Problem to solve =
The reply must repeat the listing below exactly and carry none of its pictures.

Provided material =
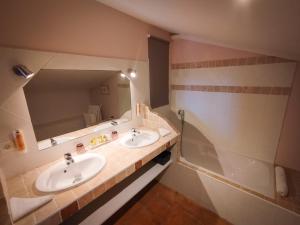 B&B / Chambres d'hotes Le Mas de Gleyzes - Charme Authentique & Detente avec Piscine : Chambre Double El Miura
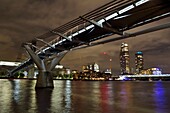 Vereinigtes Königreich, London, die Millenium Bridge, links die Tate Modern und rechts im Hintergrund das One Blackfriars des Architekten Ian Simpson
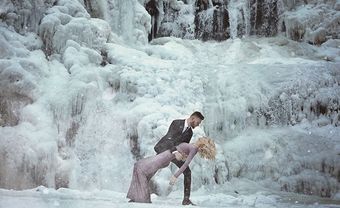 Bộ ảnh cưới chụp ở thác nước đóng băng đẹp lạ lùng - Blog Marry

Task response =
 B&B / Chambres d'hotes Le Mas de Gleyzes - Charme Authentique & Detente avec Piscine : Chambre Double El Miura
 Vereinigtes Königreich, London, die Millenium Bridge, links die Tate Modern und rechts im Hintergrund das One Blackfriars des Architekten Ian Simpson
 Bộ ảnh cưới chụp ở thác nước đóng băng đẹp lạ lùng - Blog Marry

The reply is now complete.